A ministra encontra-se com representantes do Departamento do Tesouro dos EUA e Banco Mundial. Na terça-feira, 26 de julho, receberá investidores e analistas na Embaixada argentina, participará de um evento promovido pela Câmara de Comércio dos EUA e terá reuniões bilaterais com executivos da General Motors, Amazon e Google.

Não vai faltar assunto. A tensão política e econômica que paira sobre a Argentina é de tal ordem que o BTG Pactual alerta, em relatório assinado por Alejo Costa e Sofia Ordonez, que a agitação social no país surgirá gradualmente no fim de agosto ou início de setembro, alimentada pela inflação, escassez e falta de reajustes salariais. A maioria das categorias teria reajustes entre abril e julho.

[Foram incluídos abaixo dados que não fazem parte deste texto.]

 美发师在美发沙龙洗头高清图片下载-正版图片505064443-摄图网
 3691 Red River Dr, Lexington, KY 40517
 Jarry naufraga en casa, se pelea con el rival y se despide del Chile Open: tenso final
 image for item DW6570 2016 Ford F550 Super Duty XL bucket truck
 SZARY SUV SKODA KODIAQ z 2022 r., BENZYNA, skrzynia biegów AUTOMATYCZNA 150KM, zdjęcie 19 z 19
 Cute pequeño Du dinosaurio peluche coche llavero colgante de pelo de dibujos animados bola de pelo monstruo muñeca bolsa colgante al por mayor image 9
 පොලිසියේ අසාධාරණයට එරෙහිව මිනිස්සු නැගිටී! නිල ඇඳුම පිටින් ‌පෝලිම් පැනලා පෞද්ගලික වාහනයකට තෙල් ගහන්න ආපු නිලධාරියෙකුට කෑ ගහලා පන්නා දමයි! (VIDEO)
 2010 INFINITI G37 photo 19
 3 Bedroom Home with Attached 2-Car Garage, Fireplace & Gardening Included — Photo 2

“Os salários cairão em termos reais, quase simultaneamente com as novas tarifas de serviços públicos, com muitos consumidores sendo provavelmente excluídos de subsídios por receberem contas de energia mais elevadas. A agitação e as exigências irão se generalizar e tumultos, pilhagem e manifestações são prováveis”, alerta o relatório, que aponta, como próximo alvo do kirchneirismo, os agricultores.

Segundo o BTG, o governo pressiona os agricultores por suposta retenção na venda de grãos estimada em US$ 20 bilhões. Os analistas avaliam que o cálculo é exagerado, que esse volume está mais próximo de US$ 12 bilhões.

Parte da ala kirchneirista exige repressão e regulamentação para forçar agricultores a venderem seus produtos [uma forma de atrair dólares e recompor reservas internacionais], enquanto outra ala analisa o potencial de múltiplas taxas de câmbio, na tentativa de autorizar a prática de um câmbio mais elevado para os agricultores.

O BTG pondera que uma taxa de câmbio mais elevada para os agricultores significaria uma desvalorização adicional do peso, embora concentrada sobre os cereais, mas que teria impacto inflacionário e provocaria uma grande expansão monetária, porque o BC da Argentina compraria dólares por uma taxa mais elevada.

Os analistas do BTG Pactual afirmam que as medidas até agora tomadas pelo governo argentino são insuficientes para enviar um sinal positivo aos mercados. Para isso, diz o relatório, um governo com credibilidade teria de tomar medidas mais rígidas e a administração Fernandez, “politicamente fraca, é inapta a tomar”. E o resultado, portanto, é mais do mesmo: algum aperfeiçoamento das contas fiscais e da política monetária e cambial e repressão financeira.

Na semana passada, as empresas foram forçadas a vender recibos de depósitos de ações americanas e tiveram limitadas algumas operações em dólares, sob a ameaça de exclusão do mercado oficial de câmbio durante 90 dias.

O BTG lembra que a reunião da ministra argentina da Economia com o FMI pode trazer algumas notícias em torno de um ajuste do acordo que o país mantém com o Fundo, “mas o sentimento generalizado é de que o governo não está disposto a fazer as reformas necessárias para evitar uma crise, constrangido pelo seu dogmatismo eleitoral”.